Book Opening Men s Eyes

Download or read book Opening Men s Eyes written by Michael Cardo and published by Jonathan Ball Publishers. This book was released on 2012-02-20 with total page 514 pages. Available in PDF, EPUB and Kindle. Book excerpt: Peter Brown, leader of South Africa's Liberal Party until its demise in 1968, is one of the unsung heroes of South Africa's struggle against apartheid in pursuit of non-racial democracy. In Opening Men's Eyes, author Michael Cardo tells the story of how a privileged youngster growing up in the all-white world of racially conservative Natal settler society had the scales of racial prejudice removed from his eyes and how he set about opening the eyes of his compatriots. Cardo brings to life Brown's friendships across the colour bar with the likes of Archie Gumede, later one of the founders of the United Democratic Front, and his close relationship with the celebrated novelist Alan Paton, author of Cry, The Beloved Country. The book provides the first documented history of the Liberal Party, and shows how it was radicalised under Brown's leadership. Opening Men's Eyes offers a fascinating sidelight on South Africa's political and intellectual history.
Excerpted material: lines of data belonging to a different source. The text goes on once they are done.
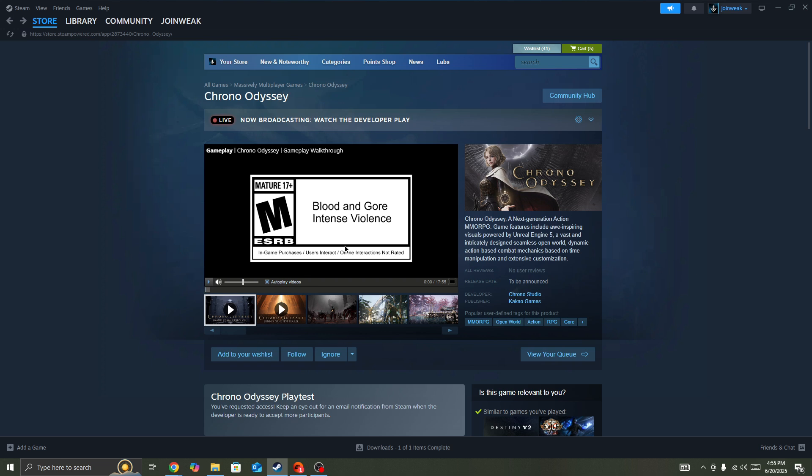If you still face the issue, check the server status page. If the server is down for everyone, you need to wait for some time until the server is back up.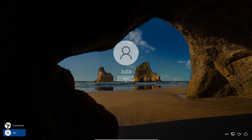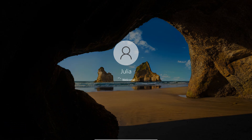Julia. Sign in. I just created an account for a new user without email and without password.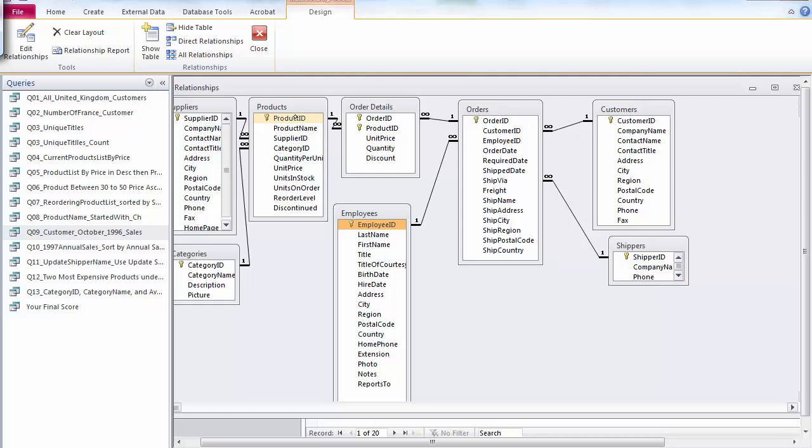So instead of joining customer, order, and order detail, we're joining orders, order details, and the product table. Read the Query 10's description to find out how to solve this problem. It's very similar to Query 9, which I just explained. So good luck on this assignment, thank you for listening.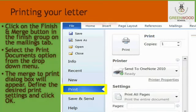To print your letters, click on the Finish and Merge button in the Finish group on the Mailings tab. Select the Print Document option from the drop-down menu. The Merge to Print dialog box will appear. Define the desired print settings and click OK.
Book The Lion and the Springbok

    Book Details:
  • Author : Ronald Hyam
  • Publisher : Cambridge University Press
  • Release : 2003-05-15
  • ISBN : 0521824532
  • Pages : 397 pages

Download or read book The Lion and the Springbok written by Ronald Hyam and published by Cambridge University Press. This book was released on 2003-05-15 with total page 397 pages. Available in PDF, EPUB and Kindle. Book excerpt: This book traces British and South African relations from the Boer War to the present.